How high is too high? Definitely could be related to the PH being too high........


----------



## DMONEY09 (Oct 27, 2008)

roccov12345 said:


> How high is too high? Definitely could be related to the PH being too high........


the highest it could be which is 7.6 and u see how he was hovering at the top he never did dat before and he is still doing it rite now i raised the temperature to 80-85 and add the ph decreaser so if its anything other than that ph i hpe someone can tell me wat to buy to treat him


----------



## roccov12345 (Sep 26, 2008)

DAVID09 said:


> How high is too high? Definitely could be related to the PH being too high........


the highest it could be which is 7.6 and u see how he was hovering at the top he never did dat before and he is still doing it rite now i raised the temperature to 80-85 and add the ph decreaser so if its anything other than that ph i hpe someone can tell me wat to buy to treat him
[/quote]

What is the PH out of the tap water? When was the last time you did a water change on the tank...?


----------



## DMONEY09 (Oct 27, 2008)

last night i did a waterchange i noticed him yesterday acting funny scratching or rubbing his body on the gravel sideways and then i got a good look at him and seen white things on him and thought it was ick so i treated the tank with ick pills the huge blue ones its called ick clear tank buddies made by jungle


----------



## AKSkirmish (Jun 24, 2005)

Feefa said:


> heres a video so check it out and tell me wat u think it is


Your water doesn't look right-Or it's the vid--------You need to test or take water to LFS to have full water params tested...IMO

What size tank-
what sice RTC
what filtration.

Might want to add airstone or powerhead for oXy........Not good when a catfish is at top of surface....

Once again I believe water params will yeiled results...


----------



## roccov12345 (Sep 26, 2008)

When was the last time you changed out some of the water before last night? Did you do any major cleaning? He doesn't look too too bad in the video. I would stay on top of your water changes for the time being, say 20% everyday add some aquarium salt, you already raised the temp and hold off dosing meds and FEEDING until you really find out what's going on. If it's an external parasite, maracyn works pretty decent and you can get it anywhere. Does it resemble what ak is talking about???? It's hard to tell from the video. I've seen what I thought was velvet once before and I don't think thats it, maybe, velvet looks more like a dusting all over the body.

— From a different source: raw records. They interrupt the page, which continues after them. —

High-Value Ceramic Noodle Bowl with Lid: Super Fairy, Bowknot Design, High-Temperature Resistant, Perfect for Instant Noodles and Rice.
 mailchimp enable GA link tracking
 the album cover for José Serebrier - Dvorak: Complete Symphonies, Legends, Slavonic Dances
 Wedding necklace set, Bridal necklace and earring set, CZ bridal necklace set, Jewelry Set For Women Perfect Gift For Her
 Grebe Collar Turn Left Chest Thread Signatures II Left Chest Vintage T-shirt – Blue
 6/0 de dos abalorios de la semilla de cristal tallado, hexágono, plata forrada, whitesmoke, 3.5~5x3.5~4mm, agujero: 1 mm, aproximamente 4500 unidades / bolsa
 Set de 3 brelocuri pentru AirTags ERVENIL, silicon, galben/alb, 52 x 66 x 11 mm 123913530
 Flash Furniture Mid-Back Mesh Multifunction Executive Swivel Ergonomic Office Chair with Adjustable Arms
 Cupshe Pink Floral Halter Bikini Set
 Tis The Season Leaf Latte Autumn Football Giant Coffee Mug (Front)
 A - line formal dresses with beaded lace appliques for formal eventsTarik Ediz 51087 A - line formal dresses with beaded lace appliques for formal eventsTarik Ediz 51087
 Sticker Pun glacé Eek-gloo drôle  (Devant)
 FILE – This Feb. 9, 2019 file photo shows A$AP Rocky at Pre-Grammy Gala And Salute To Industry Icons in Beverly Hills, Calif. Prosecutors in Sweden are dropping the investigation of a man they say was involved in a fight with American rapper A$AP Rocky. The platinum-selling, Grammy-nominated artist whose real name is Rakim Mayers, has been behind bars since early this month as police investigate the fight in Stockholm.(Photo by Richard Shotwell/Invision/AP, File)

AK I was thinking the same thing about the water quality, hence why I was asking when he changed etc.. Looks a little off for a fresh water change. Definitely need those water params.


----------



## ju5tin95 (Nov 25, 2008)

did you just change your gravel? last time my water looked like that its because of the substrate change....but I moved my fish to a hospital tank to keep them calm


----------



## FEEFA (Nov 19, 2007)

There is a visable cloud around him that moves with him.
If not Velvet then I'm stumped.


----------



## Rough996 (Oct 3, 2006)

Feefa said:


> There is a visable cloud around him that moves with him.
> If not Velvet then I'm stumped.


fungus?


----------



## DMONEY09 (Oct 27, 2008)

i havent did anything to the tank since last night no water changes or anything i think the high spikes of ph came from treating the tank with too much of the ick meds and the cloudyness also cause his tank never was cloudy white like it is now and too me wat it looks like on his skin is like fur thats wat it looks like looks like his skin is now a fury type of thing and looks as if hes loosing weight im starting to be able to see his skull kinda like he been starved which he hasnt been but thats wat i see if video couldnt really show u much


----------



## FEEFA (Nov 19, 2007)

Put some carbon in your tank to get rid of the ich meds that are in your tank now.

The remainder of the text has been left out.